At its peak Monday night, Hurricane Sandy is expected to send New Haven water surges as high as 10 feet above regular high tide, twice what Tropical Storm Irene produced in 2011. And winds could whip as fast as 60 miles per hour, with some gusts as high as 80, according to the mayor.
While the hurricane is not expected to hit New Haven directly, forecasters believe it will begin walloping the city around midnight Sunday, then continue building force through Monday.

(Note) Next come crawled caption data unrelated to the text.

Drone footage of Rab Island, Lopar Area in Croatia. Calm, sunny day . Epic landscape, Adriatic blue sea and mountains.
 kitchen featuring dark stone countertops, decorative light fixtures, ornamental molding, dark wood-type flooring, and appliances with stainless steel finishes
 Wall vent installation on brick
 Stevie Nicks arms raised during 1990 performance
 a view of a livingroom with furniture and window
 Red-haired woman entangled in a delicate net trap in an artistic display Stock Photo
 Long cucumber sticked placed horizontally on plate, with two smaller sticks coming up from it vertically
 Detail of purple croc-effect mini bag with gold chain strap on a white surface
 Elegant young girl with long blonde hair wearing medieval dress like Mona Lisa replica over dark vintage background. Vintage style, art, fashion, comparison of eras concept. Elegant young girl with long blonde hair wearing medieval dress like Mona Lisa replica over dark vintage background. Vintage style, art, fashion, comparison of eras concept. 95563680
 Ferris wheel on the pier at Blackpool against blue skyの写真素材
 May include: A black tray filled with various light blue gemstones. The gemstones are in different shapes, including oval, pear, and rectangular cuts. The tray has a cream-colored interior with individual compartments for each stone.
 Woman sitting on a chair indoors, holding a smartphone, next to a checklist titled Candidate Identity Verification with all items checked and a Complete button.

Those monster high tides are expected around midnight Monday.
“It’s high tide we’re particularly concerned about,” the mayor reported.
City workers were out inspecting buildings, putting sand bags and jersey barriers by vulnerable shoreline homes, placing pumps and sandbags at common flooding spots, and urging families to comply with the evacuation order in the three affected areas.
“This is a storm event that is predicted to be in excess of Irene. You are putting our public safety officers at risk if they have to go and find you because you didn’t leave,” DeStefano said in pleading with people in Morris Cove, City Point and parts of Fair Haven to leave their homes Monday.
He also urged people on Sunday to clear leaves out of catch basins. Because this storm is coming later in the fall than Irene did, leaves have started falling—meaning gutters will get clogged, and more streets could flood. Prime flooding areas include Union Station, Route 34, Middletown Avenue, Quinnipiac Avenue, City Point, Morris Cove, Fair Haven, Long Wharf, and parts of Blake Street
Among DeStefano’s major announcements Sunday:
• People living south of Girard Street in Morris Cove or between the highway and the harbor in City Point are to leave their homes beginning at 8:30 a.m. Monday. Also, Fair Haveners living on Front and Haven streets are asked to leave. (Click here and here for coverage of Morris Cove’s experience last year with Tropical Storm Irene.)
• An advisory evacuation is issued for people living in “low lying areas of Blake Street” in West Hills.
• Public schools are closed Monday and Tuesday.
• Garbage pick-ups will take place as usual Monday. Tuesday’s pick-ups are postponed until Wednesday.
• Tweed-New Haven flights will be suspended Monday. Trains will stop running out of Union Station at 7 p.m. Sunday. CT Transit buses will stop running at midnight Sunday. They will not run on Monday.
• The city is setting up an emergency shelter at Career High School at 140 Legion Ave.. It will have a secondary “area of refuge” at the Benjamin Jepson School at 15 Lexington St. for people who don’t make it off the East Shore in time; generators will keep electricity on there, and the city plans to transport people to Career if they need to go. Those facilities will open at 8:30 a.m. Monday. (Click here for a story on the scene at an emergency shelter during Irene.)
• Homeless shelters will remain open during the day.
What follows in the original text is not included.